The European Commission has unveiled its long-awaited policy package. This consists of four main documents – an evaluation of the Common Fisheries Policy, an assessment of the common organisation of the markets in fishery and aquaculture products, an Action Plan to protect and restore marine ecosystems for sustainable and resilient fisheries and a strategy for the energy transition of EU’s fisheries sector.
In a thorough analysis, the Commission attempts to highlight those areas where more needs to be done or where the current situation requires more attention, in order to draw political conclusions and to prepare legislative proposals at a later stage.
According to industry body Europêche, the CFP falls short in its failure to be a broader policy encompassing objectives to solve the new geopolitical, climate and governance challenges.
‘The reality is that the current CFP does not mention major societal concerns such as ‘climate change’, ‘Brexit’, ‘Green deal’ or ‘energy crisis’. It does neither address the impacts of the growing number of marine protected areas, the massive expansion of offshore renewable energy sites, food security and energy transition. Not to mention the need to reform ill-conceived policies such as the landing obligation or to address the missing social dimension of the CFP,’ Europêche states.
Europêche president Javier Garat commented that the efforts made by the European Commission in analysing the performance and effectiveness of the main EU fisheries policies are laudable.
‘Identifying the gaps and shortfalls of current policy tools is a necessary step to take the right decisions. We celebrate the success of the CFP in delivering sustainable fisheries. However, we are facing rapid changes and global challenges that require to activate the legislative machinery as a matter of urgency. The CFP is 40 years old and the latest reform dates back ten years,’ he said.
‘In light of the huge developments of past few years, the priorities and tools of the current CFP are obsolete. It was designed for a scenario preceding the Covid pandemic, the energy crisis, Brexit and the recovery of EU fish stocks. Better implementation of outdated rules is not an option, a revision is a must.’

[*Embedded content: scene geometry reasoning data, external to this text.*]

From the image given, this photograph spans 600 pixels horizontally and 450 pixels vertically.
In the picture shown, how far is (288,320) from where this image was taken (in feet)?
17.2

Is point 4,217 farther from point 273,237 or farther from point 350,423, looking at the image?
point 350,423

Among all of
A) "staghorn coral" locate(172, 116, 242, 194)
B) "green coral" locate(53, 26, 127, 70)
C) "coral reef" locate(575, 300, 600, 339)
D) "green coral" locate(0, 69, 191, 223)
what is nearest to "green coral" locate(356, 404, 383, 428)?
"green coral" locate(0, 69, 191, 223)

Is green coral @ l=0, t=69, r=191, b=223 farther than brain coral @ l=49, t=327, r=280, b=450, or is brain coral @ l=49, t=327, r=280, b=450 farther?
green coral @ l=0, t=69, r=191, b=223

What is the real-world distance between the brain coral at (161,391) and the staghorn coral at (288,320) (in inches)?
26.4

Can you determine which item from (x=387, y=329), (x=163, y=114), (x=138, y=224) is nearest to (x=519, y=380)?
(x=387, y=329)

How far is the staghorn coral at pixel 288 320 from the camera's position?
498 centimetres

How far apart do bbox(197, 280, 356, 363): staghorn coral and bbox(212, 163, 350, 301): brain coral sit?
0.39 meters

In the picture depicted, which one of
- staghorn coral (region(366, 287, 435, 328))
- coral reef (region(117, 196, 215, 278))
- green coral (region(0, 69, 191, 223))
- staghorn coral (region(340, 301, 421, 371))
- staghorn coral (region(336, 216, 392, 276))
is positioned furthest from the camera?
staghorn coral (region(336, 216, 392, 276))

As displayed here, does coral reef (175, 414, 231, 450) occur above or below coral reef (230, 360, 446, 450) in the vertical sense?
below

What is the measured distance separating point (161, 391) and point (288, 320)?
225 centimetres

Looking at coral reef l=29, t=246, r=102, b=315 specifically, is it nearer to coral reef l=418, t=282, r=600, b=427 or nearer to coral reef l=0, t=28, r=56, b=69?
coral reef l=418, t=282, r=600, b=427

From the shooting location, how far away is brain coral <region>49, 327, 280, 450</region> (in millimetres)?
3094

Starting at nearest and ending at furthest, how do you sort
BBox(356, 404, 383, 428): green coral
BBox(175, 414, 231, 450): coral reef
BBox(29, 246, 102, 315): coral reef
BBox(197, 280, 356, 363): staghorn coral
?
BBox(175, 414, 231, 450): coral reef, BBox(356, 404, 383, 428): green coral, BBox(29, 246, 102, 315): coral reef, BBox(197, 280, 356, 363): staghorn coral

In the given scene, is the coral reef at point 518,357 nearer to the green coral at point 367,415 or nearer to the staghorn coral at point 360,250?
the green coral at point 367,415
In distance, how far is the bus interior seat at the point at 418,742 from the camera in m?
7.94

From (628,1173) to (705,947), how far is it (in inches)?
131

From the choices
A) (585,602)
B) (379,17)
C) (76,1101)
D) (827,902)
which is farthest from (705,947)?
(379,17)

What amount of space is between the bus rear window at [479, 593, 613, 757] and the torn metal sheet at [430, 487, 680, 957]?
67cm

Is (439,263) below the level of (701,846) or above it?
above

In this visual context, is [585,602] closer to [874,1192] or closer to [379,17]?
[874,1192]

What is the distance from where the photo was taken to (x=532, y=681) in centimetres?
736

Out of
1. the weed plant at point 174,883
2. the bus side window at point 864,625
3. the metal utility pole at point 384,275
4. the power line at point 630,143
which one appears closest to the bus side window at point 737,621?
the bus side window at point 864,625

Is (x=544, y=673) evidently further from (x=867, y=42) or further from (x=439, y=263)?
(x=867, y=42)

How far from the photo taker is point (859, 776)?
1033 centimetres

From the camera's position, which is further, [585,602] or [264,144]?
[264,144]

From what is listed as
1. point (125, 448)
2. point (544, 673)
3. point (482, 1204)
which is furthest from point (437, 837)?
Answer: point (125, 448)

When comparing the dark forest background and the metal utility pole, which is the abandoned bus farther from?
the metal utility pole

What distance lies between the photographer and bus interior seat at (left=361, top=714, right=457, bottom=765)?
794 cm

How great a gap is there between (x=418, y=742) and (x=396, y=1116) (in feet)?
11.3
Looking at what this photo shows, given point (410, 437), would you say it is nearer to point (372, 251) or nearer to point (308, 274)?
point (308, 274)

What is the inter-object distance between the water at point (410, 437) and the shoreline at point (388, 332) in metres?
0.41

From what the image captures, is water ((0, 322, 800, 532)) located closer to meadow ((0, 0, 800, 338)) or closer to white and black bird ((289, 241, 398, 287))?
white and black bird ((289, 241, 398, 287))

He points out that the EU is increasingly dependent on seafood products imported from third countries (70% of total EU-seafood consumption), while it continues to reduce its fishing capacity and lose access to fishing grounds in third countries.

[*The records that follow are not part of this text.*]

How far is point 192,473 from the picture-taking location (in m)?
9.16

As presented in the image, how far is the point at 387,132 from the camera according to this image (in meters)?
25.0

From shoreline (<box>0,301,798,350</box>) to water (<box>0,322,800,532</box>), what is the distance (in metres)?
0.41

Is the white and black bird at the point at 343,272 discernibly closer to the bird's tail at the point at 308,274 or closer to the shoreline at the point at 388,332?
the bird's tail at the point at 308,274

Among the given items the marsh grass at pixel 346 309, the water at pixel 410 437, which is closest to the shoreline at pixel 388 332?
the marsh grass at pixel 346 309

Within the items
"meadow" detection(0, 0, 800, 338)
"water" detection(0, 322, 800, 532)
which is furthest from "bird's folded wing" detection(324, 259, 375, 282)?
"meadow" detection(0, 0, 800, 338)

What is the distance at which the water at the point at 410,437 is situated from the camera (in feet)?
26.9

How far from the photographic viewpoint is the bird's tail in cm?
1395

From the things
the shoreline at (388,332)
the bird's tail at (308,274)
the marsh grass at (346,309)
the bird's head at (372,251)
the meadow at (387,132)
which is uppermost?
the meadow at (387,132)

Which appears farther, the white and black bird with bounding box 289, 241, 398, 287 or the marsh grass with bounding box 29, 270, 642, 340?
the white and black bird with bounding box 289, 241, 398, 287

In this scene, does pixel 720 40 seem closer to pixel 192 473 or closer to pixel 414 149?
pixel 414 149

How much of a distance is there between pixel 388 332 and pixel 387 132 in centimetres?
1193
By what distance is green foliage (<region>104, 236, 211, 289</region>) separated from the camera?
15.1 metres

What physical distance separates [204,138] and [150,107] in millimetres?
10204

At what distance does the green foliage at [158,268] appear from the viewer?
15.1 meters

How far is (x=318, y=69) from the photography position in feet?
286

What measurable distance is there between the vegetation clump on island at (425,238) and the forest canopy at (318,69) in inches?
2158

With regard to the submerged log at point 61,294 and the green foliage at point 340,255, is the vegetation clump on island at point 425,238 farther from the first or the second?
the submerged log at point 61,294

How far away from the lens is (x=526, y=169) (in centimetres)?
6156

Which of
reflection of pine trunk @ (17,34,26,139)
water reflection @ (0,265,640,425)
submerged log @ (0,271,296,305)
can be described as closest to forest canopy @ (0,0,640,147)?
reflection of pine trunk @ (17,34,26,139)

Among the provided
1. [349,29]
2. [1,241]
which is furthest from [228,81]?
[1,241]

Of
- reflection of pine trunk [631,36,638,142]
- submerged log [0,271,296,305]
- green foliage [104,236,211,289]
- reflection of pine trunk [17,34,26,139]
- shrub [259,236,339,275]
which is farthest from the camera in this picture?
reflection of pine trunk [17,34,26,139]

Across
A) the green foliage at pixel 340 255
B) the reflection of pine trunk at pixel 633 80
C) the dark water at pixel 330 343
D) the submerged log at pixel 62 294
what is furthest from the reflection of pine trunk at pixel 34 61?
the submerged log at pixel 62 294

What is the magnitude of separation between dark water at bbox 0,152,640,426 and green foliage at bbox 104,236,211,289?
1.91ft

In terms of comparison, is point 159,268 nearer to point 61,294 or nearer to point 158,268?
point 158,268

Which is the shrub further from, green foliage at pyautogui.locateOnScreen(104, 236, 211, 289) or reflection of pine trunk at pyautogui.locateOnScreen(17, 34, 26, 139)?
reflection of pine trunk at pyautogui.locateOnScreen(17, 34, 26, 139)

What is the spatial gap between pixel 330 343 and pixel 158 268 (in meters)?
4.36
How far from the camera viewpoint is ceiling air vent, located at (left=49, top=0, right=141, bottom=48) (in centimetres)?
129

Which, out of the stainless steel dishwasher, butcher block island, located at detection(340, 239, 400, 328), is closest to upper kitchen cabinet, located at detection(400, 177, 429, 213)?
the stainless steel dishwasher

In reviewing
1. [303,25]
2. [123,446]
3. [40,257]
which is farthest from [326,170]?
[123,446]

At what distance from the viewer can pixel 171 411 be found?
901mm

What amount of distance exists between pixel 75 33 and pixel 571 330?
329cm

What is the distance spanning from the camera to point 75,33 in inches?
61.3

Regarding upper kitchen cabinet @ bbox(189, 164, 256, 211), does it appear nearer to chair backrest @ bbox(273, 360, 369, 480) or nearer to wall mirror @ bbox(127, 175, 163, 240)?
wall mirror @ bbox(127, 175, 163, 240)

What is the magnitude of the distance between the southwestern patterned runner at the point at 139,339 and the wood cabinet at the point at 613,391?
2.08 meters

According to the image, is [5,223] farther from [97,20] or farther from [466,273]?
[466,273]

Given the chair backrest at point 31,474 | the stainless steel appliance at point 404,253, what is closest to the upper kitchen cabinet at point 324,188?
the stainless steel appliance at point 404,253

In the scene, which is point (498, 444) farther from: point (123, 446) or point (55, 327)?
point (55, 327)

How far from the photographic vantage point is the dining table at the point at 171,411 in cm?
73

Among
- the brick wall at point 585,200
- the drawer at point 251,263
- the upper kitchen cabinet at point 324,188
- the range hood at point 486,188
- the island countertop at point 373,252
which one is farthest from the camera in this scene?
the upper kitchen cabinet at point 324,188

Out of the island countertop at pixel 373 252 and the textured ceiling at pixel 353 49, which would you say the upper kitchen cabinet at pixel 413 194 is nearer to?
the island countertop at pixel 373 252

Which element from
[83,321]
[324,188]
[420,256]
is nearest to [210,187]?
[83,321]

‘Before triggering action plans that further reduce EU seafood production, the EU needs to have a strategic vision on future ocean governance and management. It feels like the Commission is putting the cart before the horse,’ he said.

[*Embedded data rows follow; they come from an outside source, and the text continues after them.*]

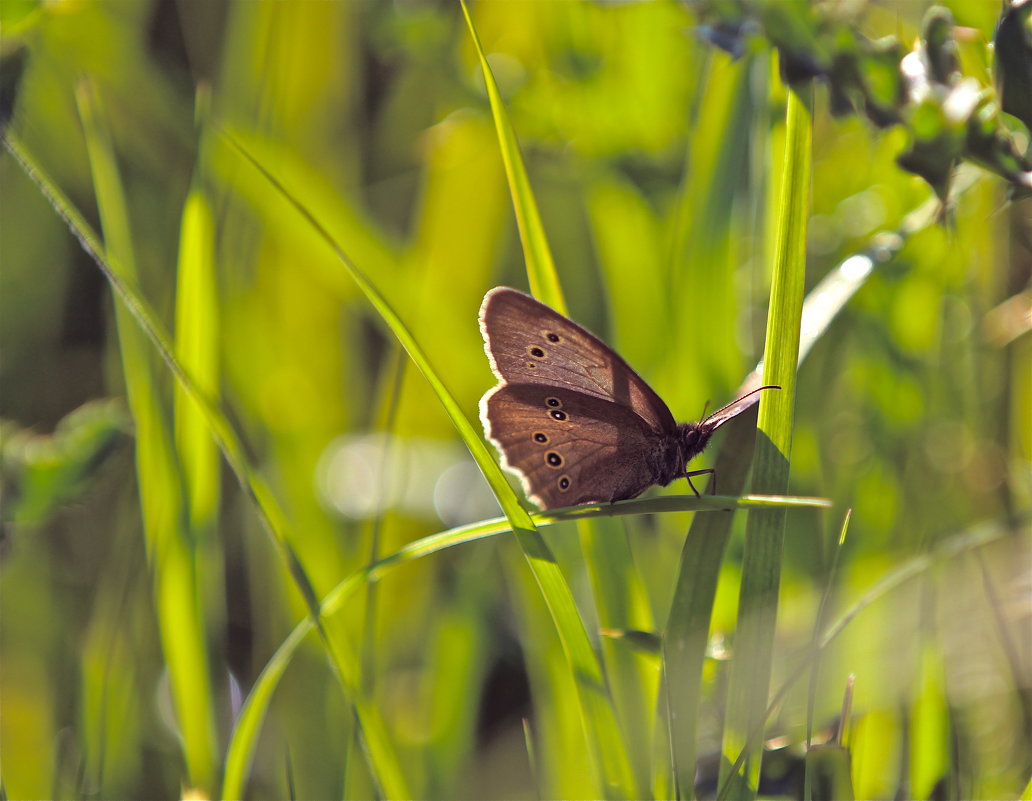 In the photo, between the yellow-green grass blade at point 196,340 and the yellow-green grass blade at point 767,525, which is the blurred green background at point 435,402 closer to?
the yellow-green grass blade at point 196,340

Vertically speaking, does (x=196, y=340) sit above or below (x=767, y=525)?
above

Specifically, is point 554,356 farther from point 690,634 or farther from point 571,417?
point 690,634

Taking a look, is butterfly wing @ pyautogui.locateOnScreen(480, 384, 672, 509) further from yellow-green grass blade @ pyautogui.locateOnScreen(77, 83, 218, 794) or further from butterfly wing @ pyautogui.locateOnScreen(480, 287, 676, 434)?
yellow-green grass blade @ pyautogui.locateOnScreen(77, 83, 218, 794)

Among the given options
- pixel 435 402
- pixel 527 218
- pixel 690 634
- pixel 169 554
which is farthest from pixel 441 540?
pixel 435 402

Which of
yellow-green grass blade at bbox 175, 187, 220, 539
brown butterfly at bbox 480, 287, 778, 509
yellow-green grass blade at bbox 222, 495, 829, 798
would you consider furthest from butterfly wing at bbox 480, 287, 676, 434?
yellow-green grass blade at bbox 175, 187, 220, 539

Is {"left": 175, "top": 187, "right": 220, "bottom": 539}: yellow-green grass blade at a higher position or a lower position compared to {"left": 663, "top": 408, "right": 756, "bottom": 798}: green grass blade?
higher

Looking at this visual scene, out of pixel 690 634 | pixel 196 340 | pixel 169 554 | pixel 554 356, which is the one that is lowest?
pixel 690 634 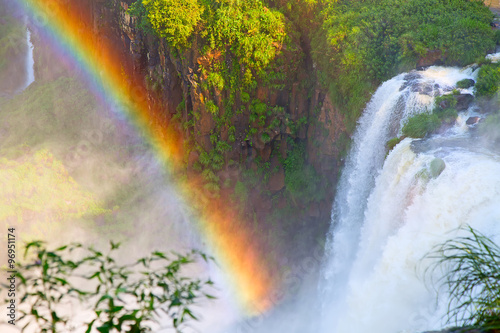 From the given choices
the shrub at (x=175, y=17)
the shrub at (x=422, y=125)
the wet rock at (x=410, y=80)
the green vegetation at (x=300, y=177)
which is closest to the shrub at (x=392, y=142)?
the shrub at (x=422, y=125)

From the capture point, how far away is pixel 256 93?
16594 mm

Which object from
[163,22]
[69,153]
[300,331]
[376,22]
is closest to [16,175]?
[69,153]

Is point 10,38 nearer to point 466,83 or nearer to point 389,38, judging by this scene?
point 389,38

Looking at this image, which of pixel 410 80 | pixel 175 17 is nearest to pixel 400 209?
pixel 410 80

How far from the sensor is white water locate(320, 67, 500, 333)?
26.2 ft

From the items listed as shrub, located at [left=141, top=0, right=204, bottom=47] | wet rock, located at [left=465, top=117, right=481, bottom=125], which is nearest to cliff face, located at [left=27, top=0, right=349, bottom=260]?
shrub, located at [left=141, top=0, right=204, bottom=47]

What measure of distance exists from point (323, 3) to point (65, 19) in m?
16.9

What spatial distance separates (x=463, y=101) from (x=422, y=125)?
1.57 meters

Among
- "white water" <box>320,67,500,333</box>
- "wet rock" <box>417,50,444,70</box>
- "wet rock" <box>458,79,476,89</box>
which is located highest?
"wet rock" <box>417,50,444,70</box>

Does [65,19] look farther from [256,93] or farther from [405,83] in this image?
[405,83]

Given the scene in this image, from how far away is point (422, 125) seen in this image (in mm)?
10914

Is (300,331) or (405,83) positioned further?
(300,331)

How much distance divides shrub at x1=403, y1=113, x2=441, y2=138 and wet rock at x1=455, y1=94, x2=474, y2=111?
38.7 inches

‘We remind the Commissioner of his commitment to keep a balance between the three pillars of sustainability, not just the biological dimension, and to address gaps in the social dimension of the CFP. We would have expected strong action to develop fisheries policies in that direction, such as the redefinition of fishing capacity to enable the improvement of working conditions, safety and energy efficiency.’
He commented that Europêche sees it as regrettable that while showing no intention of reforming the CFP, the Commission is undermining this primary fisheries legislation by proposing secondary environmental legislation (e.g., the nature restoration law) and political action plans that have a huge impact on the activity governed by the CFP basic regulation.
‘In fishing we have reached a point where protection is synonymous with exclusion. We must try to make environmental protection compatible with human activity and in particular with the much-needed production of (sea)food. Trying to convert our seas in marine sanctuaries would cost the world far more in deforestation and biodiversity loss than by fishing,’ Javier Garat said.
‘Seafood is the healthiest and most environmentally friendly source of protein on earth. For that reason, Europêche fully subscribes the criticism as formulated by the European Bottom Fisheries Alliance (EBFA) regarding the objective to phase out bottom contacting gears, under the upcoming action plan.’